"You Are What You Eat": Tracing Carbon Isotopes through the Modern American Food Chain

This is a unit designed to be taught early in a one year Living Environment course. I am aligning my curriculum for Living Environment next year around two major topics: We will study a variety of issues related to food in the first semester and then in the second semester move on to studying human disease with a particular focus on an extended student investigation of asthma in the local area. This "You Are What You Eat" unit is designed to be the opening module for the Fall semester focused on food and will introduce a variety a themes and investigations that students will continue to explore throughout that semester. It will also introduce in a more structured and guided way much of the knowledge, skills, and mindsets required for the extended student work to be completed independently later in the year.

This year I found that many of my students struggled with connecting and synthesizing the different ideas in biology that we had studied throughout the course. They had trouble remembering previously taught material and failed to discriminate in their recall and application of prior material when attempting to solve novel problems presented out of context of the unit to which they related. I attribute many of these issues to my linear presentation of material in highly segregated conceptual units. Two weeks on evolution here, three weeks on cell structures there, just as the state curriculum and textbook recommended with little to no meaningful connections built between.
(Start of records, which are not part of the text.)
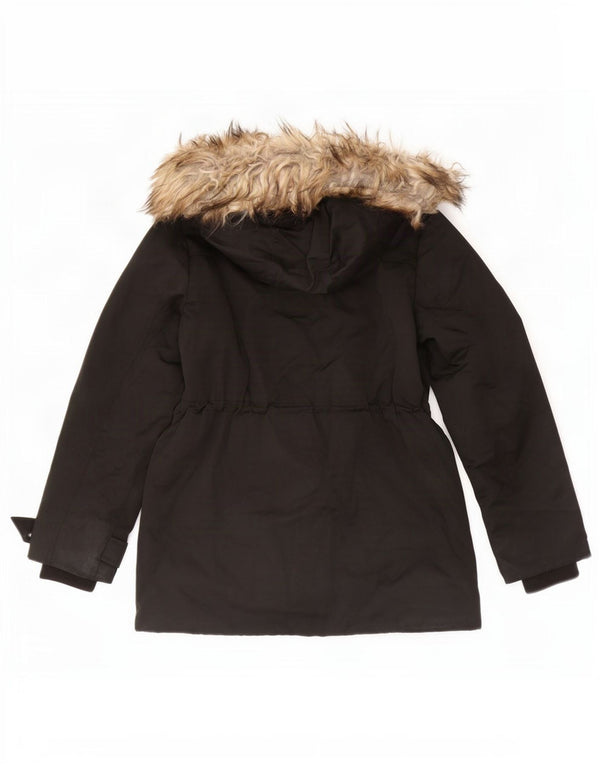 Topshop Γυναικείο μπουφάν Parka με κουκούλα UK 8 Small Black Polyester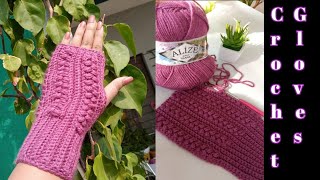 Crochet Gloves  How to Crochet a Fingerless Gloves  For Beginners [upl. by Divad]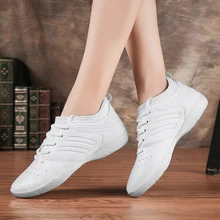 New Microfiber Leather Aerobics Shoes Dance Shoes Women's Sports Casual Shoes Flats Footwear Size 35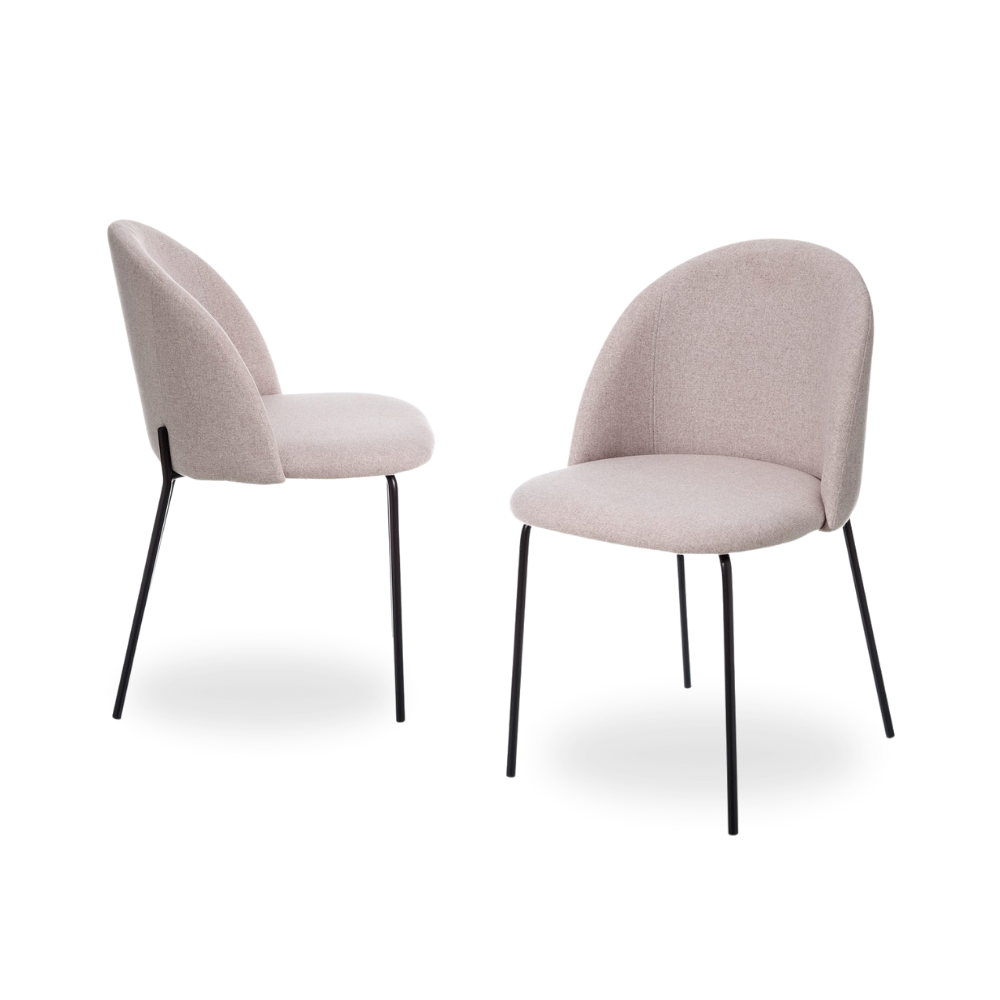 Casa Picota Pack de 2 Sillas Noah de Tela y Metal Beige - Diseño Moderno y Confortable para Comedores y Salones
This "You Are What You Eat" unit integrates material from multiple areas of study within biology around a real-world issue. The content first encountered here will then be continually revisited throughout the year at increasingly complex levels of understanding and interaction. By taking advantage of a variety of community resources, it is hoped that the material in this unit will be better able to come alive for students in such a way that it doesn't just add to their knowledge of an academic subject area but actually changes the way in which they perceive their natural environment.

Unit Outline:
0. Collecting Hair - During the first week of school (approximately 1 month before this unit begins), I will select 2 students at random from each of my living environment classes to have a sample of their hair collected (if they agree) and mailed to Prof. Stephen Macko of the University of Virginia. Prof. Macko has very graciously agreed to run isotope analyses of these samples and share the results with us in the form of raw data, videoconference discussion, and personal certificates indicating what percentage of the carbon in each student comes from corn.
1. King Corn
- As the kickoff to this unit, students will watch excerpts from the documentary film "King Corn" using a loosely structured viewing and discussion guide. Prominent in these clips is a scene in which Prof. Macko tests the filmmakers' hair for its composition of different carbon and nitrogen isotopes. By interpreting this data, he is able to show that most of the carbon in their bodies originally came from corn. Later clips explore the reasons for this finding and its implications, as well chronicling the filmmakers' attempt to grow their own acre of corn in a small town in Iowa.
2. The Energy Pipeline, Part 1 - Next, students will be given a common kinesthetic experience that introduces many of the difficult concepts they will be studying throughout the unit. I modified this activity from a Project Wild game designed for middle-schoolers, refocusing it on the movement of carbon as well as energy through a simple food chain. In the first part, students are divided into producer, herbivore, carnivore, and decomposer teams and move energy tokens along from their source as sunlight through the different levels of the food chain. Upon completion of the first round of the game, students will complete a reflection guide, at first through teacher-led instruction and then independently.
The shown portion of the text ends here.